For my assignment in college, I have to design a lighting system for the particular rooms such as an office,classroom,toilets etc. What is the best procedure to follow? I'm sure once I understand how to do one room then the following rooms will be the same procedure. 
I also need to design a emergency lighting system too. 
If someone could explain how to do a lighting calculation for a standard room sized office then it will be much appreciated. 

Thank you


----------



## Dennis Alwon (May 9, 2009)

I would not be able to help as you would need to know what the minimum lumens the building code requires for those particular areas. Once you have that you can get manufacturers info on what the lumen output would be for that fixture.

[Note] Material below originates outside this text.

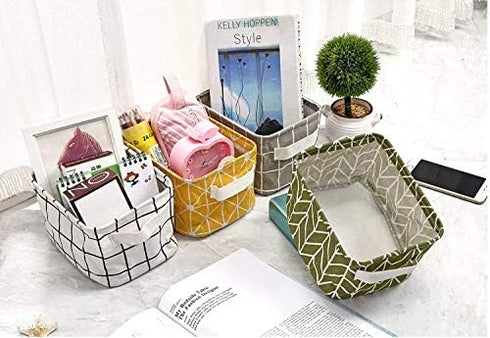 Mini Storage Basket?Pack of 5?- Blend Storage Bins for Makeup, Book, Baby Toy,8x6x5.5 inch Home Decor Canvas Organizers Bag 8x6.3x5.1 inch...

You got this assignment with no instruction, formula or anything?


----------



## Dennis Alwon (May 9, 2009)

You can try these sites

http://blog.1000bulbs.com/how-many-lumens-do-i-need/

http://www.engineeringtoolbox.com/light-level-rooms-d_708.html

https://microsunlamps.com/how-many-lumens-do-you-need/


----------



## 99cents (Aug 20, 2012)

Aren't they supposed to be teaching you that before giving you an assignment? Before there were computer programs, there were Zonal Cavity Calculations that took into account photometry, dirt depreciation, average lumens, etc. It's still very useful to know to understand how lighting works. I learned it through an IES Level 1 course which took about 30 hours of classroom time.


----------



## Bird dog (Oct 27, 2015)

You may want to post this in the UK Electrical section.


----------



## joebanana (Dec 21, 2010)

Got to agree with Bird Dog here. We Yanks use 'Watts per sq. ft. as opposed to Lumen's per meter.


----------